Your job is to return each record exactly, minus any pictures.

(Caption-style text data)
+++

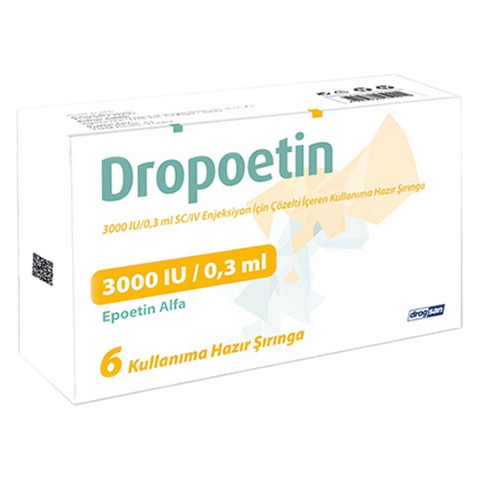 Buy Drogsan Dropoetin 3000IU online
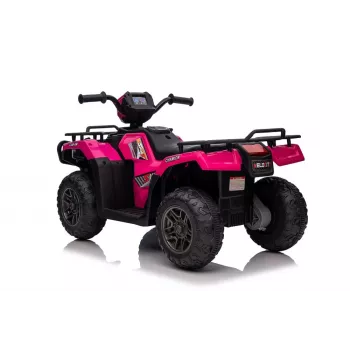 LEAN CARS Electric Ride-On Quad JC915 Pink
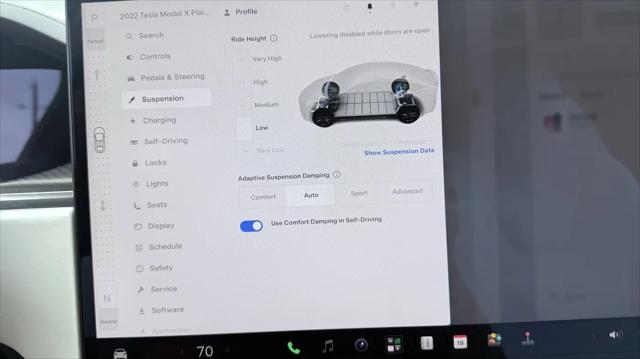 2022 Tesla Model X Plaid Tri Motor All-Wheel Drive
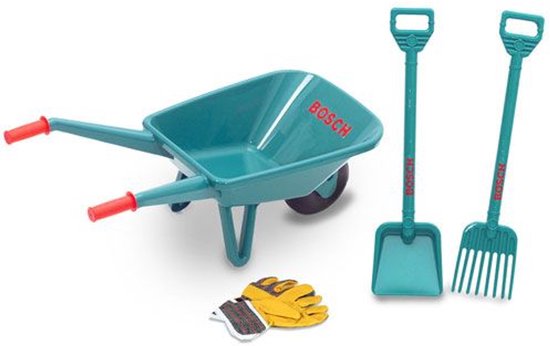 Klein Toys Bosch Mini speelgoed kruiwagen – groen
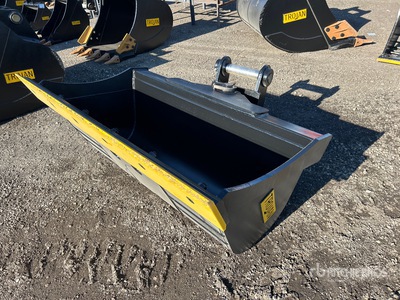 2025 Trojan 60 in Q/C Cleanup Excavator Bucket (Unused)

+++

- TASK OUTPUT:
 Buy Drogsan Dropoetin 3000IU online
 LEAN CARS Electric Ride-On Quad JC915 Pink
 2022 Tesla Model X Plaid Tri Motor All-Wheel Drive
 Klein Toys Bosch Mini speelgoed kruiwagen – groen
 2025 Trojan 60 in Q/C Cleanup Excavator Bucket (Unused)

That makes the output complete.